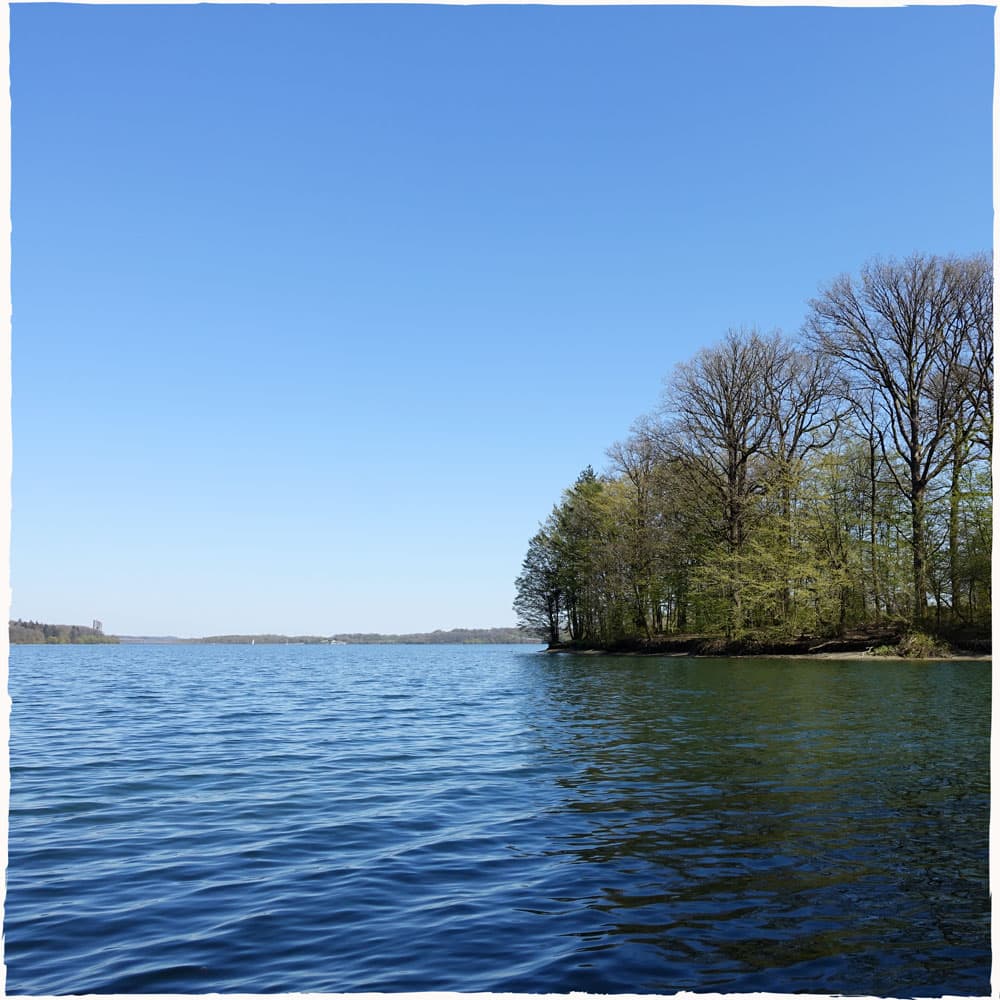 Balade à la fois sur le lac et en forêt
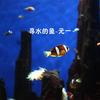 寻水的鱼 - 元一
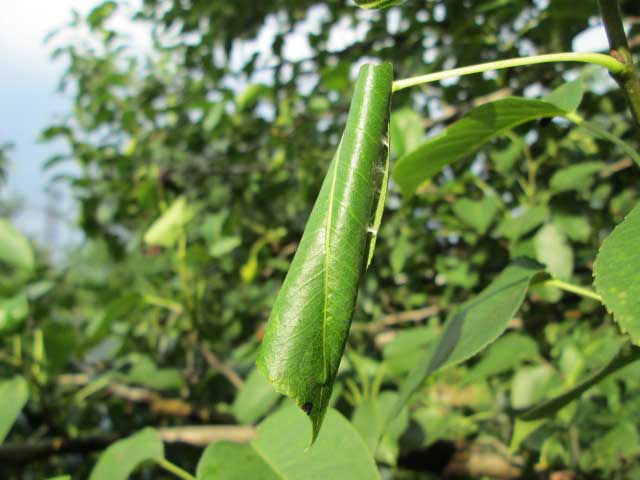 Против гусениц и большинства других вредителей можно применять опрыскивание препаратами, содержащими медь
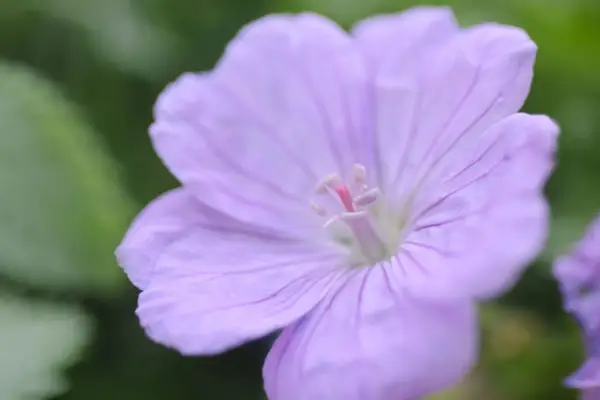 Geranium 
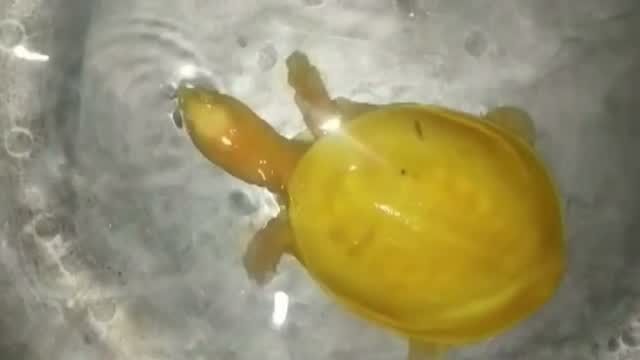 Kỳ lạ rùa bạch tạng vàng rực rỡ hiếm có ở Ấn Độ - Ảnh 2.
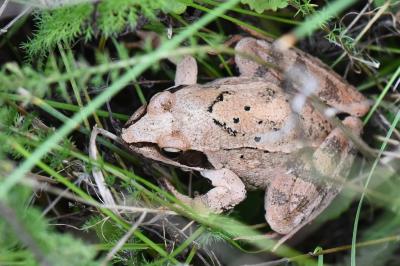 Grenouille agile 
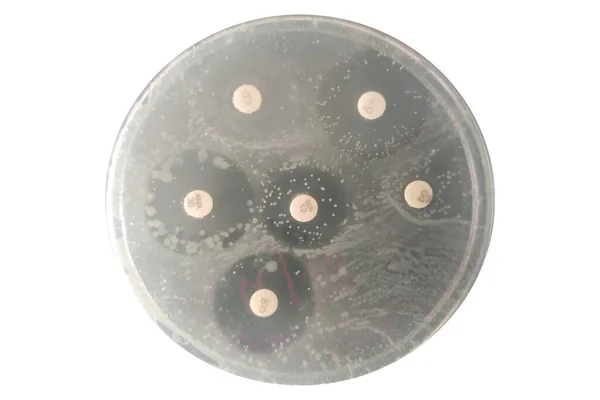 Kümes hayvanları üretiminde kullanılan antibiyotiklerin antimikrobiyal duyarlılık testi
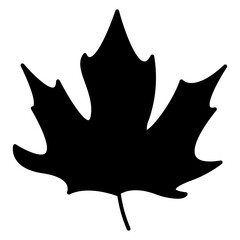 Maple leaf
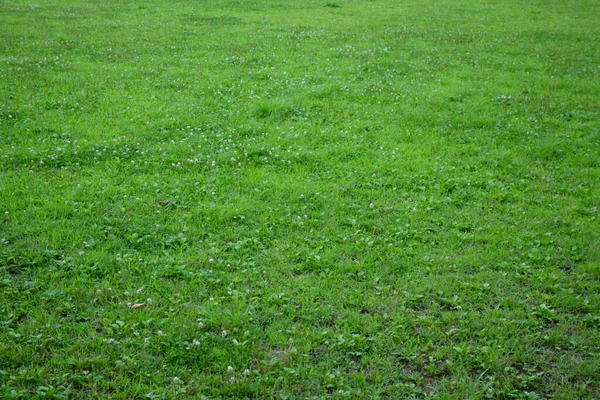 Ein Weites Feld Einem Städtischen Leerstand — Stockfoto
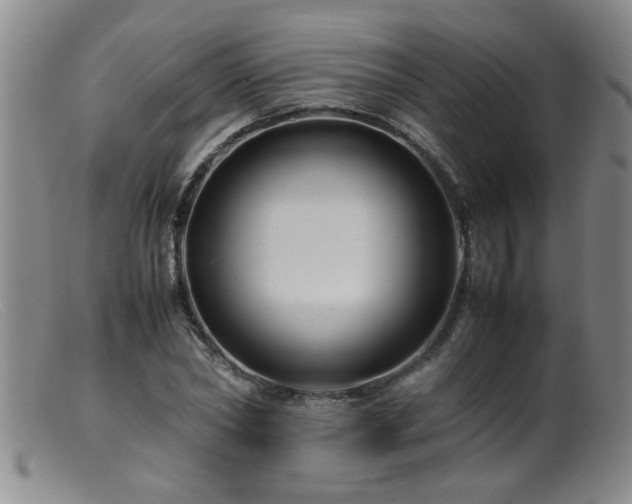 X0000099460782200805161046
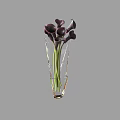 Elegant Transparent Crystal Vase With Deep Purple Calla Lilies And Green Stems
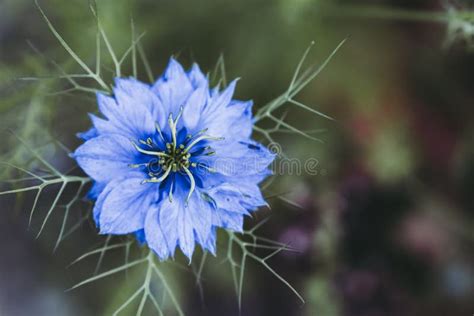 Nigella Damascus Uma Flor Azul Imagem De Stock Imagem De Damasco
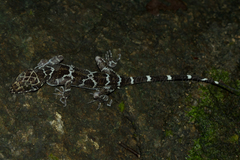 Cyrtodactylus consobrinus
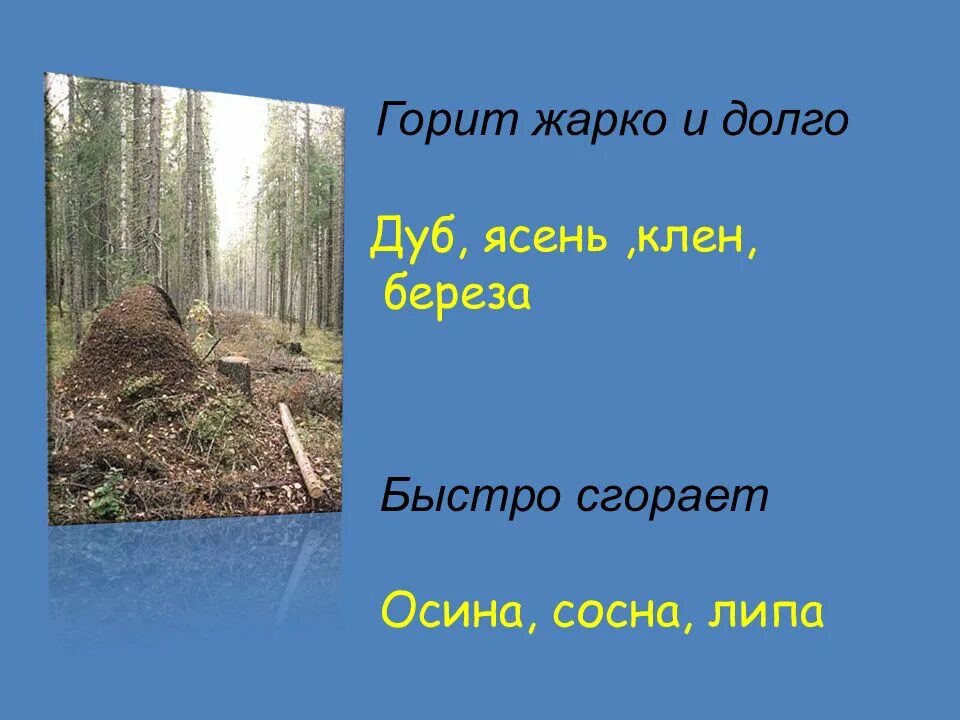 Медленно сгорая. Липа горит. Что жарче горит береза или осина. Как быстро сгорает осина. Что жарче горит клён или берёза.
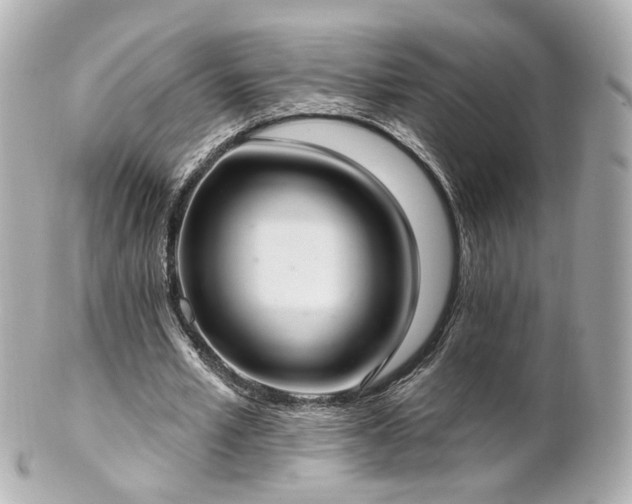 X0000100910581200807011246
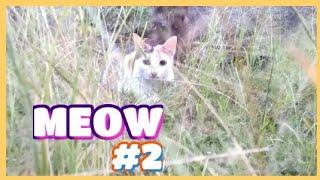 Vlog Kucing #2 "PUSI"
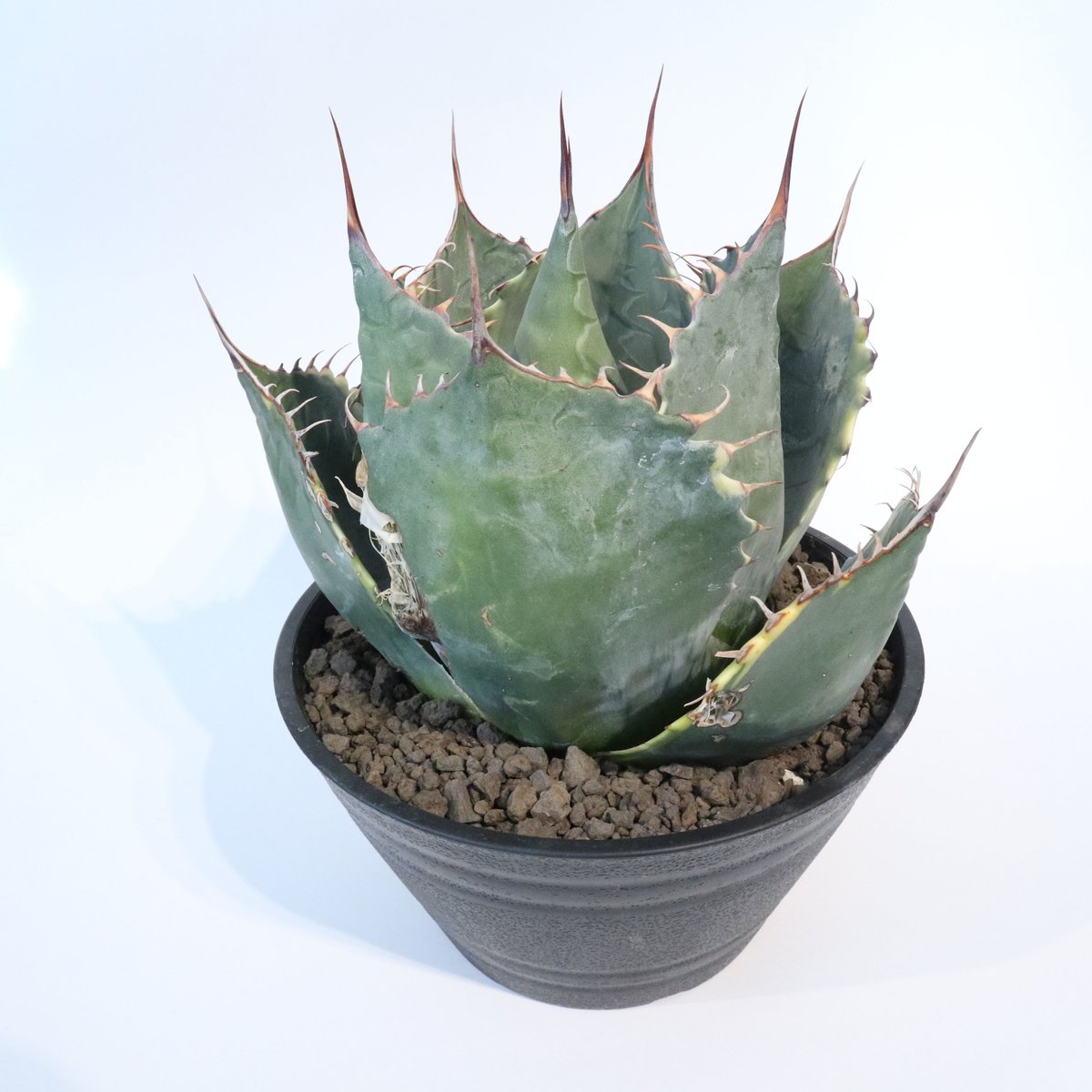 [超美大株!]パラサナ ファイヤーボール アガベ アガベ パラサナ錦 ファイヤーボール 希少特大80センチ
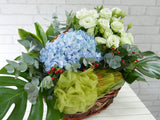 Fruit & Flower - FR050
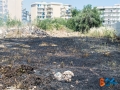 incendio via padre kolbe-6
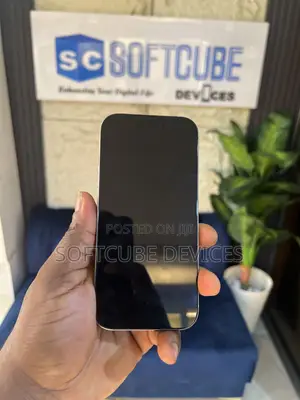 Apple iPhone 16 Pro 128 GB Gray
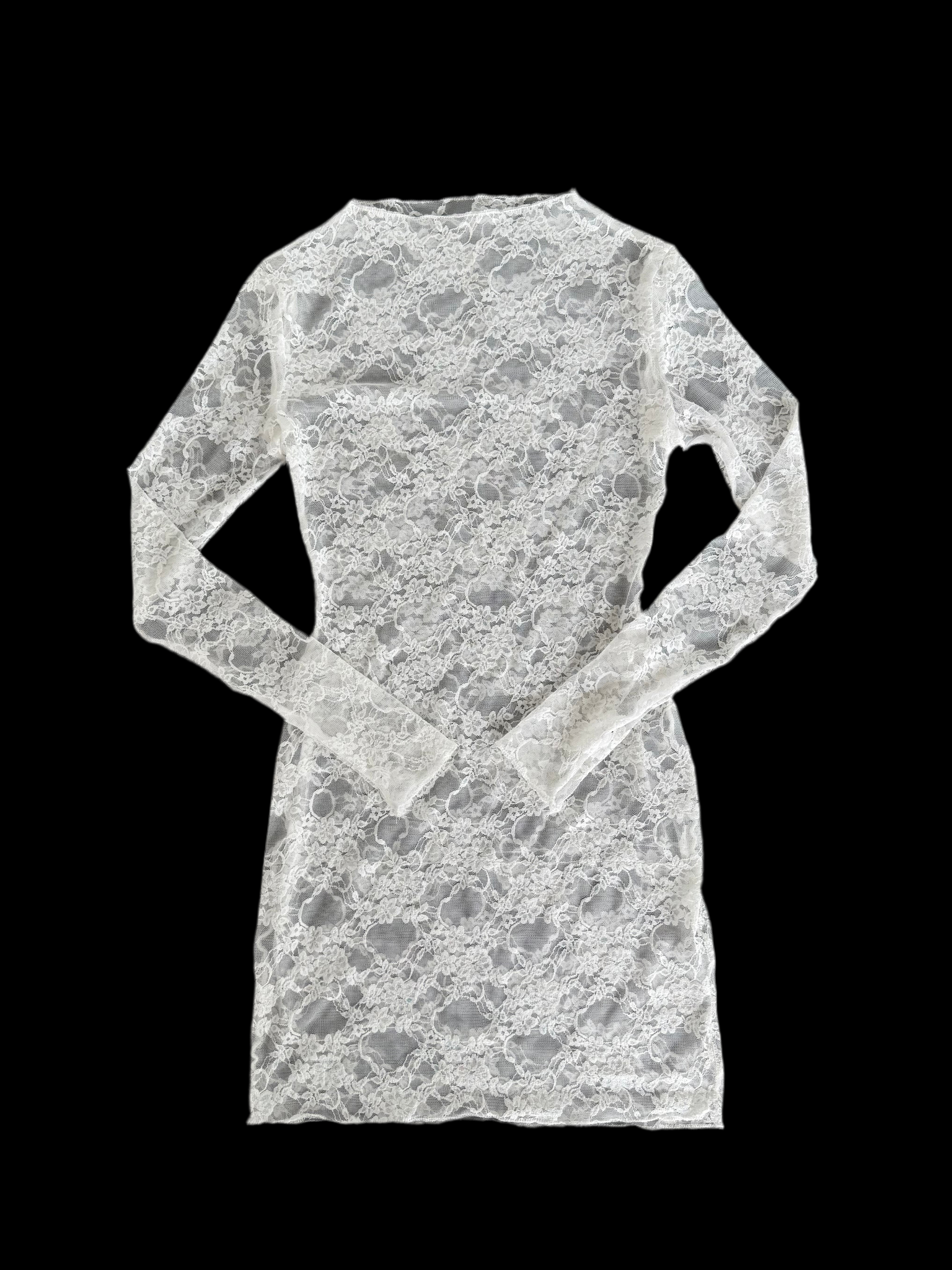 Lace Mesh Dress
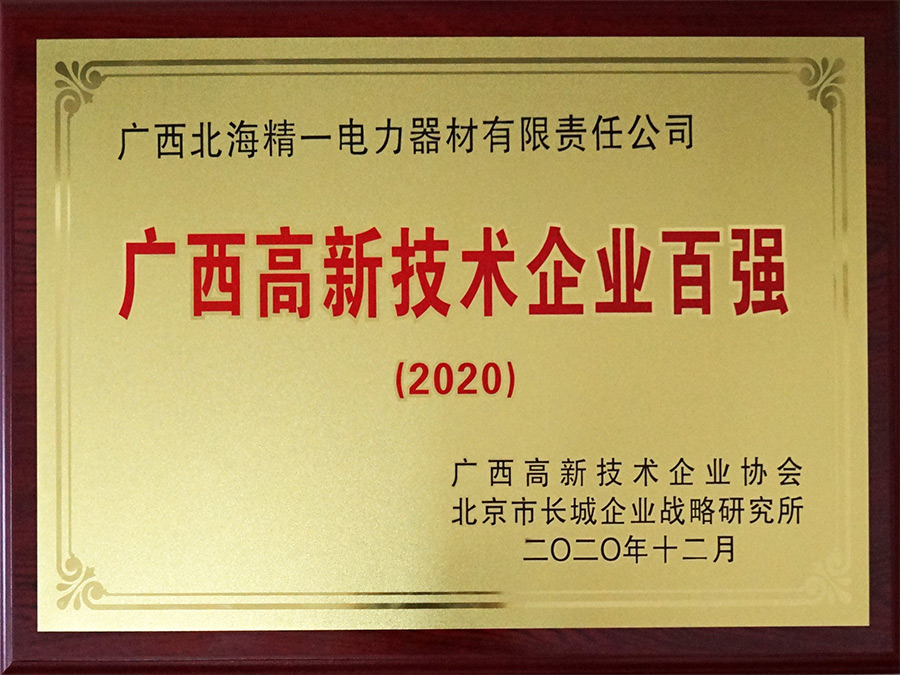2020年广西高新技术企业百强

- - - - - - -

Please transcribe the listing above verbatim and exclude every picture.

 Balade à la fois sur le lac et en forêt
 寻水的鱼 - 元一
 Против гусениц и большинства других вредителей можно применять опрыскивание препаратами, содержащими медь
 Geranium 
 Kỳ lạ rùa bạch tạng vàng rực rỡ hiếm có ở Ấn Độ - Ảnh 2.
 Grenouille agile 
 Kümes hayvanları üretiminde kullanılan antibiyotiklerin antimikrobiyal duyarlılık testi
 Maple leaf
 Ein Weites Feld Einem Städtischen Leerstand — Stockfoto
 X0000099460782200805161046
 Elegant Transparent Crystal Vase With Deep Purple Calla Lilies And Green Stems
 Nigella Damascus Uma Flor Azul Imagem De Stock Imagem De Damasco
 Cyrtodactylus consobrinus
 Медленно сгорая. Липа горит. Что жарче горит береза или осина. Как быстро сгорает осина. Что жарче горит клён или берёза.
 X0000100910581200807011246
 Vlog Kucing #2 "PUSI"
 [超美大株!]パラサナ ファイヤーボール アガベ アガベ パラサナ錦 ファイヤーボール 希少特大80センチ
 Fruit & Flower - FR050
 incendio via padre kolbe-6
 Apple iPhone 16 Pro 128 GB Gray
 Lace Mesh Dress
2020年广西高新技术企业百强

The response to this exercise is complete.